The boy was identified by the sheriff's office as Josh Warnock.
His mother notified authorities that her son wanted to turn himself in, and he was arrested peacefully at his grandparents' house for investigation of assault with a firearm and reckless endangerment, King County sheriff's spokesman John Urquhart said.
Urquhart said he did not know if a gun was recovered from the boy. He was to be taken to the county juvenile justice center in downtown Seattle following initial questioning at an undisclosed location.
After unsuccessfully searching the neighborhood and a wooded area near the school Monday night, officers had expressed hope the youth would give himself up.
Summer school classes were canceled Tuesday at the middle school and nearby Thomson Elementary School, which had been used as a safe haven for students Monday.

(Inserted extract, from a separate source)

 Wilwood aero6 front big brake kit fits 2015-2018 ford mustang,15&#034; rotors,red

The boy was shown on KIRO-TV walking out of his grandparents' home in handcuffs, wearing a Detroit Pistons T-shirt. He was described after the incident Monday as dressed in black, with blond hair dyed blue at the ends. But on Tuesday, his blond hair was cut short with no dyeing evident.
``They're telling me this kid was very cooperative, they've never seen anger or violence of that type from him,'' school spokesman Peter Daniels said earlier. ``By all accounts he was not a problem.''
An aunt told the Seattle Post-Intelligencer that the boy, the oldest of three siblings, was being raised by a single mother. But she said the boy had not done well in school the past year and was attending summer school remedial classes.

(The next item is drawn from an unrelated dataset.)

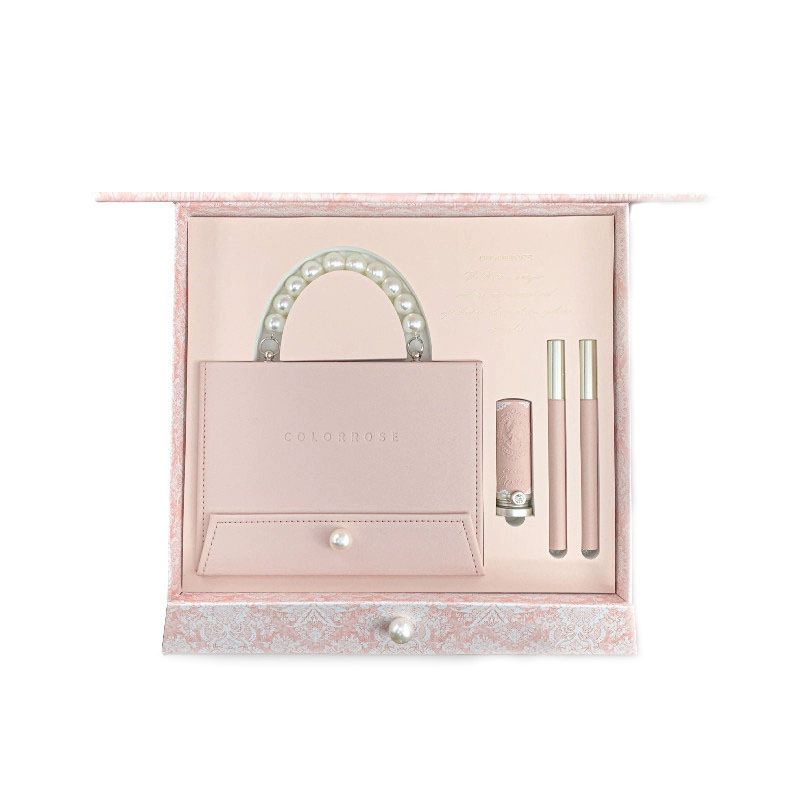 Color Rose 珍珠浮雕手提包彩妆礼盒（彩妆综合盘+口红+卧蚕笔+眼线笔） ￥169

During the week, the boy stayed with grandparents who live near the school so he could arrive at class on time, police said. During weekends, he stayed with his mother. Investigators believe the boy took the gun from his grandparents' home, Urquhart said.
Neighbors said the mother moved the family often, recently vacating a house she had bought from her parents. They said the boy would return and break in so he and his friends would use the house.
Urquhart said the boy got on a table at about 10:30 a.m. Monday and shot a round into the ceiling. He ordered the other 200 students to get on the stage in the cafeteria, but they scattered and ran.
Brittany Lamb, 14, was sitting at the same table when the youth stood up and fired. She said she was too scared to move, and he threatened her directly.
``He put the gun right up to my face and he said, 'I'm going to kill you if you don't get up on the stage.' I was frozen. I could not move at all,'' Brittany said.
She said that he had been talking about shooting a teacher for a few days and had told other pupils he was going to commit suicide before the police got him.
``A lot of people knew he was talking about it, but they didn't say anything because they didn't think he would really do it,'' she said.
Cylas Sampson, 13, said the boy had shown him a gun and a large knife at the beginning of the school day. ``I didn't think he was going to do anything,'' Sampson said. ``I thought it was a fake gun.''
Just before the shooting, Cylas said he had called the boy over to sit with them. ``He said, 'You don't have to worry about school anymore. Today's your last day of school,''' he said.